En esa época el veraneo era muy distinto de como hoy lo concebimos. Sólo las familias privilegiadas, a imitación de la familia real, trasladaban su residencia a un paraje elevado, de clima más seco, al empezar los calores; procuraban no alejarse mucho de Barcelona: veraneaban en Sarriá, en Pedralbes, en la Bonanova, hoy barrios de la ciudad. El resto de los ciudadanos combatía el calor con abanicos y botijos de agua fresca. Los baños de mar empezaban a popularizarse entre la gente joven, afrancesada, con el escándalo consiguiente. Como casi nadie sabía nadar el número de ahogados era proporcionalmente alto cada año. Luego los curas en sus sermones aducían esta estadística penosa como prueba de la ira de Dios. Don Humbert Figa i Morera, que había llegado tarde para adquirir residencia de verano en un barrio de solera, hubo de construir la suya en una colonia situada al norte del núcleo urbano, llamada la Budallera. Allí había comprado un terreno desigual cubierto de pinos, castaños y magnolios y había hecho edificar una casita sin pretensiones. Como suele ocurrirles a muchos abogados, en la compra del terreno no había intervenido ninguna precaución. Ahora debía dedicar tiempo, esfuerzo y dinero a resolver problemas prediales que se remontaban a varios siglos atrás. En realidad, había sido objeto de una estafa: el terreno era umbrío, muy húmedo e infestado de mosquitos; el lugar estaba desprestigiado hasta el punto de que sólo tenía por vecinos a unos ermitaños que vivían en cuevas malsanas, se alimentaban de raíces y cortezas de árbol, andaban por el monte enseñando las vergüenzas y habían perdido con los años el uso de la palabra y de la razón. Sólo a un imbécil como tú se le habría ocurrido comprarse una parcela en semejante vertedero, le decía su esposa a diario. Algunos días se lo decía varias veces: a ella le habría gustado ir a tomar los baños a Ocata o a Montgat, codearse con lo más
snob
de la burguesía joven. Pero su esposo, por una vez, había impuesto su criterio.
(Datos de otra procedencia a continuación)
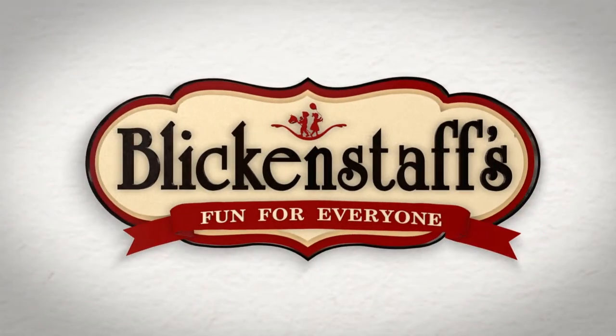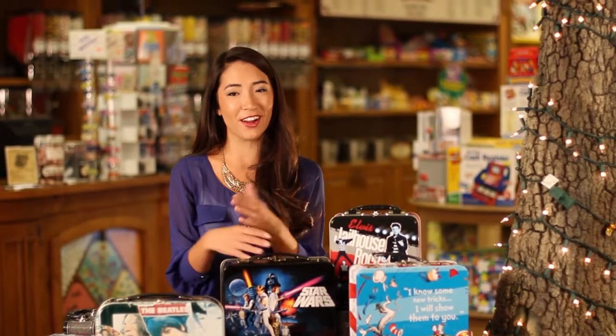Is packing your kid's lunch into one of these brown paper bags the same as packing it into one of these vintage tin lunch boxes? Hi, my name is Brittany Miyahara and I'm here at Blickenstaff's Toy and Candy Store today, and I'm going to show you our great collection of vintage tin lunch boxes.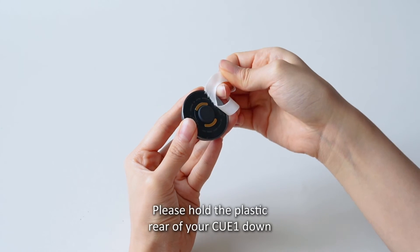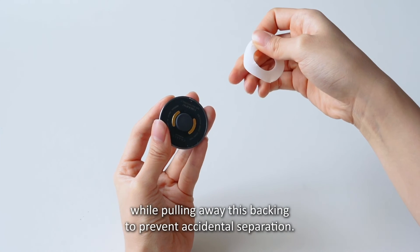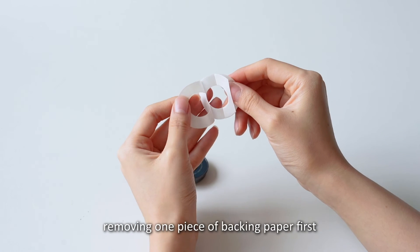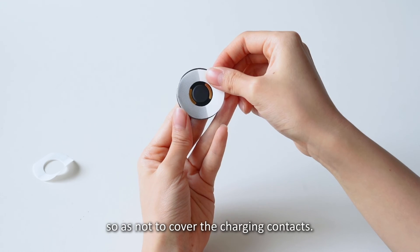Please hold the plastic rear of your Q1 down while pulling away the backing to prevent accidental separation. Apply the new backing in a similar way to your sternum patch, removing one piece of backing paper first and taking care to line up the hole so as not to cover the charging contacts.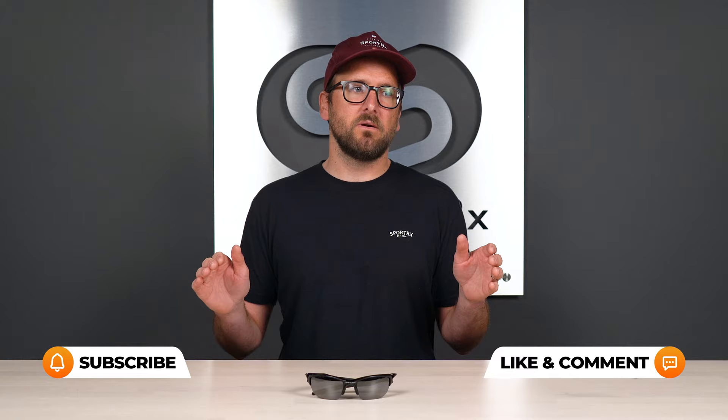Hello and welcome. I'm eyeglass Tyler. We're going to be talking about interchanging the lenses in the Half Jacket 2.0 and 2.0 XL. We'll just be doing this one frame because the method is the same between the 2.0 and the 2.0 XL. The only difference is the lens shape — the frame chassis is the same. If you're overwhelmed or intimidated by this at all, do not be. It's just a matter of getting a few best practices under your belt, and that is what I am here for.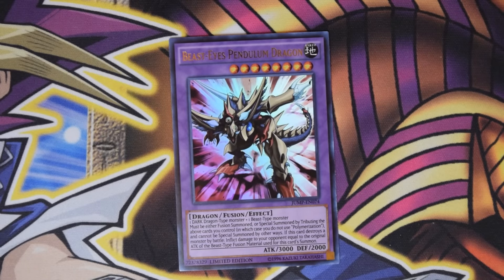So this of course is a fusion monster, which requires one Dark Dragon-type monster and one Beast-type monster to make. This card has an effect that states it must be fusion summoned or special summoned by tributing the above cards you control, in which case you do not use Polymerization, and it cannot be special summoned by other ways.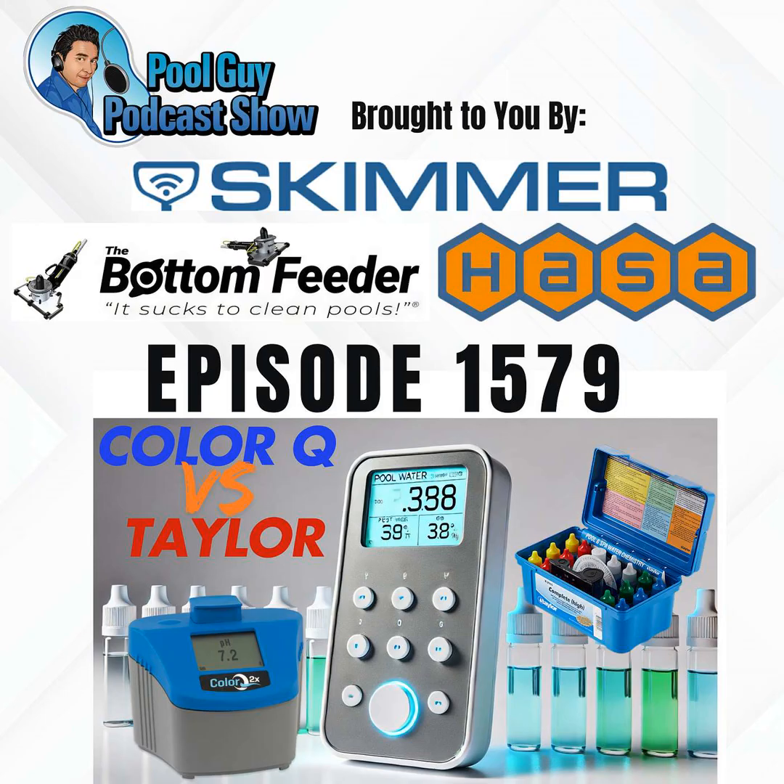The difference is that the Taylor test kit is open to some interpretation because you have to determine the color yourself. There's a board game called Hues and Cues where you match colors — someone describes a color in one or two words and others try to match it. If you land on purple you might say 'Barney,' but what shade of purple is Barney? It's open to interpretation. That's the same challenge when using Taylor reagents — you're using your eyes to match the color without a computer doing it for you.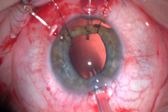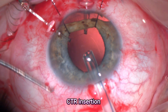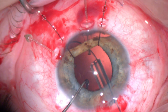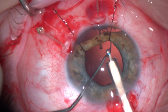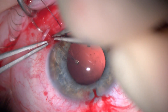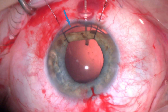I slightly extended the main incision and decided to put a capsular tension ring. In that situation I prefer to insert it guided with a second instrument to avoid any stress on the already weak zonules. You can see the capsular tension ring nicely supporting the capsular bag. You can see it through that iris defect.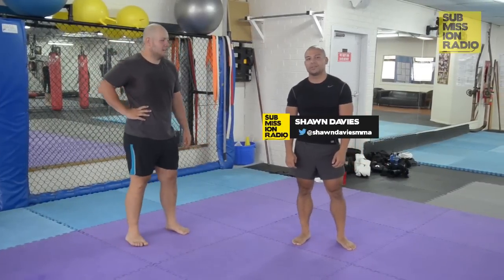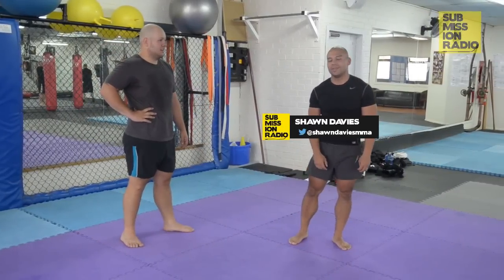Hi, I'm Shaw Davies. This is Jack Hagley with Submission Radio's Technique of the Week. This is the Alexander Gustafson high double leg takedown.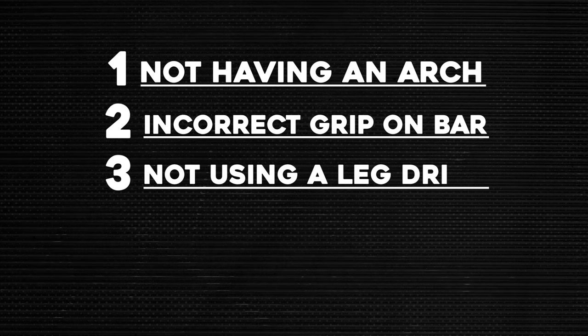That's number two — grip. Number three is leg drive. Like the arch, I could do a whole video on leg drive, but I'll tell you why it's important and the basics. It might seem strange, but we do use leg drive on bench press. It helps create momentum from the floor up towards the shoulder blades and up through the rep. Think of it like squeezing everything out of a tube of toothpaste — you start rolling it up to get every single ounce out. We're going to go through every squeeze we can to get the most out of it.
–Ni tú ni la nena sabéis nadar —había dicho— y se os puede llevar alguna corriente; también he oído decir que en el fondo del mar hay pulpos y lampreas que pican y destrozan a los bañistas ante los ojos horrorizados de sus familiares y amigos.
–Eso les pasará —decía ella— por bañarse desnudos. Exponiendo las carnes despiertan la voracidad de la fauna, que no distingue lo animal de lo humano si no es por la ropa —al decir esto torcía la boca con sarcasmo, como si se alegrase de la desgracia de quienes no sabían vestir como era debido. Estaba segura de que a ella, que seguía llevando miriñaque a repelo de la moda y arrastraba una cola orillada de dos metros y que iba profusamente enjoyada a todas horas, ningún animal se atrevería a hincarle el diente. Su esposo siempre acababa por darle la razón. A esta residencia de verano fue a visitarle Onofre Bouvila el verano de 1891.